Segundo a carta dos direitos humanos "todos os seres humanos nascem livres e iguais em dignidade e direitos" e, desta forma, a sociedade deve focar-se em garantir que todas as crianças tenham o melhor início de vida possível e permitir que se mantenham numa trajetória de saúde ao longo da infância e adolescência, com a prevenção da aquisição de comportamentos de risco, e promoção de comportamentos saudáveis como a alimentação equilibrada e prática de exercício físico. Para além disso, devemos investir na promoção de experiências e relações positivas na infância, garantindo que todas as crianças crescem em contextos positivos, saudáveis e resilientes. Só assim poderemos ambicionar uma sociedade com adultos saudáveis, produtivos e felizes, e promover um envelhecimento saudável, ativo e com qualidade de vida.

Lidera o Laboratório Adversidade Social e Desigualdades em Saúde do ISPUP. Que projetos destacaria como potenciais grandes catalisadores de mudanças significativas?

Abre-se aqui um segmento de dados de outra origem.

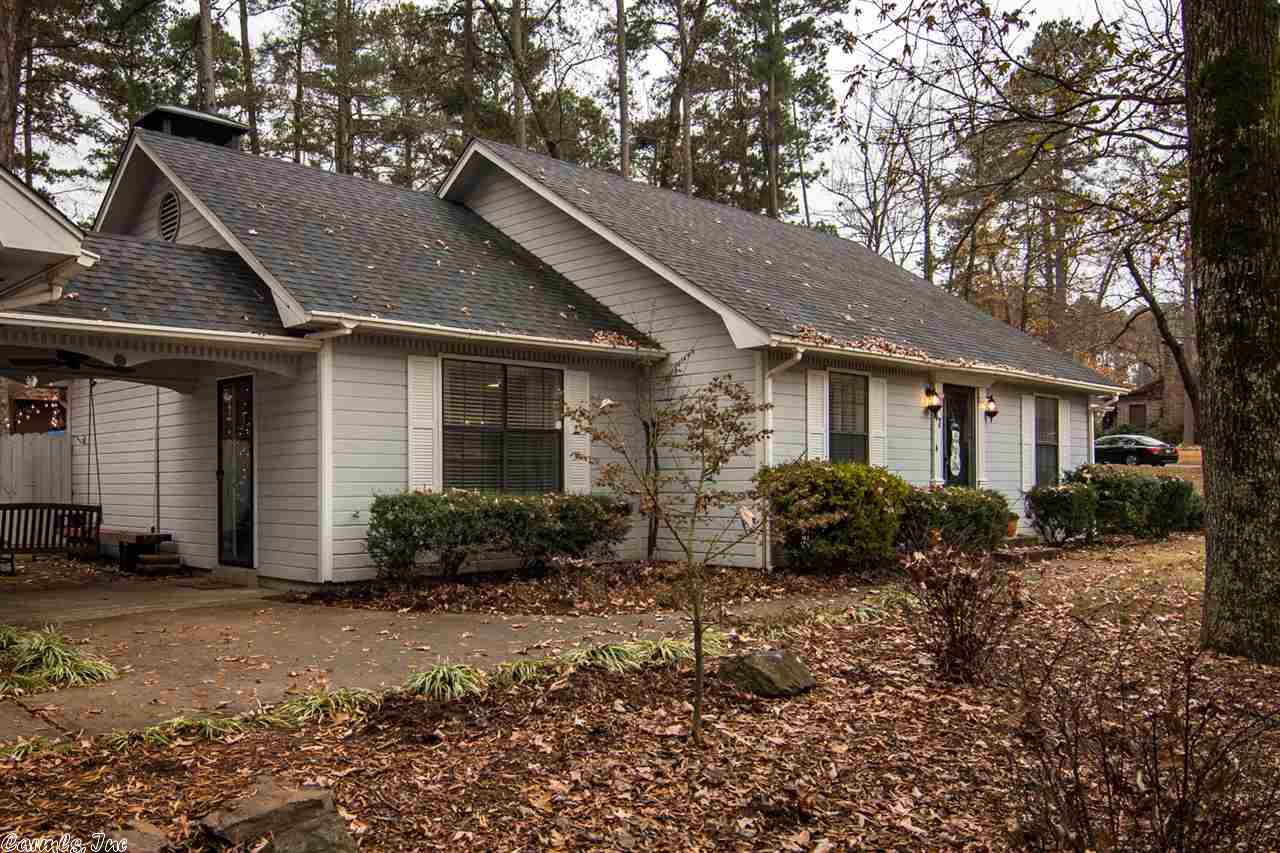 47 Yazoo Cir, Maumelle, AR 72113 photo 35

Neste momento temos alguns projetos em curso, com diferentes objetivos específicos, mas sempre com o foco nas desigualdades sociais em saúde. Estamos a desenvolver um estudo sobre a solidão no processo de envelhecimento, outro em que estudamos o impacto dos determinantes estruturais na saúde cardiovascular das crianças, e o projeto UNFOLD do qual sou investigadora responsável e ao qual me tenho dedicado nos últimos meses. Este projeto pretende investigar as experiências de adversidade durante a infância, em particular experiências de violência, e o seu impacto na saúde e qualidade de vida de jovens que estão agora a entrar na idade adulta, usando dados de uma coorte de nascimentos – a Geração XXI. Neste projeto iremos explorar como estas experiências sociais alteram a nossa biologia, contribuindo para o desenvolvimento de condições desfavoráveis de saúde ao longo da vida. Simultaneamente, pretendemos identificar que fatores de resiliência durante o desenvolvimento e crescimento das crianças são importantes para mitigar os efeitos adversos destas experiências.

De acordo com o que apura a investigação o que poderemos fazer, no mais imediato futuro, enquanto sociedade para mitigar as desigualdades na Saúde?

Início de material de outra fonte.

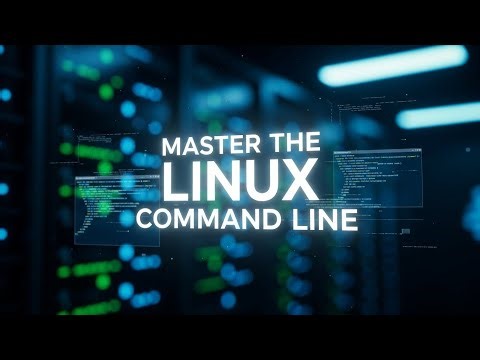 Master the Linux Command Line: Essential Skills for DevOps | Linux Commands Every User Should Know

A investigação desenvolvida tem demonstrado que as condições em que nascemos e crescemos condicionam a nossa saúde ao longo da vida. Uma sociedade justa, equitativa e saudável deve garantir que todos os indivíduos tenham um melhor início de vida possível para garantir que alcançam o seu potencial máximo. Assim, é desejável uma maior atenção, foco e investimento direcionado aos grupos mais jovens da população, prevenindo a exposição à adversidade e promovendo características individuais e contextuais de resiliência.